The Bartini Beriev VVA-14 was a wing-in-ground-effect aircraft developed in the Soviet Union during the 1970s. Designed to be able to take off from the water and fly at high speed over long distances, it was to make true flights at high altitude, but also have the capability of "flying" efficiently just above the sea surface, using aerodynamic ground effect.
Bartini, in collaboration with the Beriev Design Bureau intended to develop the prototype VVA-14 in three phases. The VVA-14M1 was to be an aerodynamics and technology testbed, initially with rigid pontoons on the ends of the central wing section, and later with these replaced by inflatable pontoons. The VVA-14M2 was to be more advanced, with two starting engines to blast into the cavity under the wing to give lift and later with a battery of lift engines to give VTOL capability, and with fly-by-wire flight controls. The VVA-14M3 would see the VTOL vehicle fully equipped with armament and with the Burevestnik computerised anti-submarine warfare (ASW) system, Bor-1 magnetic anomaly detector (MAD) and other operational equipment.
After extensive research, including the development of the small prototype Be-1 wing in ground effect aircraft, the first VVA-14 prototype was completed in 1972. Its first flight was from a conventional runway in September 1972. In 1974, the inflatable pontoons were installed, though their operation caused many problems. Flotation and water taxi tests followed, culminating in the start of flight testing of the amphibious aircraft on 11 June 1975. The inflatable pontoons were later replaced by rigid pontoons, while the fuselage was lengthened and the starting engines added. This incarnation was given the designation 14M1P. However, the bureau supplying the intended battery of 12 RD-36-35PR lift engines did not deliver, and this made VTOL testing impossible.
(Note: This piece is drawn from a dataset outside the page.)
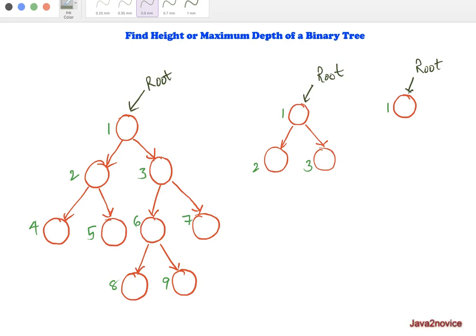In this session we will discuss how to find the height or maximum depth of a given binary tree. A binary tree is a tree in which a node can have at most two child nodes. Looking at this example tree, any node you take has a minimum of zero and a maximum of two child nodes — this is called a binary tree.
After Bartini's death in 1974, the project slowed and eventually drew to a close, the aircraft having conducted 107 flights, with a total flight time of 103 hours. The only remaining VVA-14, No. 19172, was retired to the Soviet Central Air Force Museum in 1987. The aircraft still resides at the museum in a dismantled state, where it carries the designations "10687" and "Aeroflot".
Russia built some crazy aircraft in the past! The VVS-14 is a fine example. Molded in a somewhat brittle gray plastic, the kit contains 188 parts. It is also a decent size with a 16in wingspan.
The parts breakdown is a little strange due to the aircraft's design and may make for a rough seams. While there is no PE, it does include paint masks for the clear parts.
There is very little flash on the parts and detail, while a bit soft, is nice. The instructions are a 2 page foldout and include a nice color layout. The decals are well done and they appear to be crisp and clear.
It may be a rough build but will make an excellent addition to any display. It will certainly draw attention! I cannot recommend it for a beginner, but anyone who has done a few short run kits should have no problems.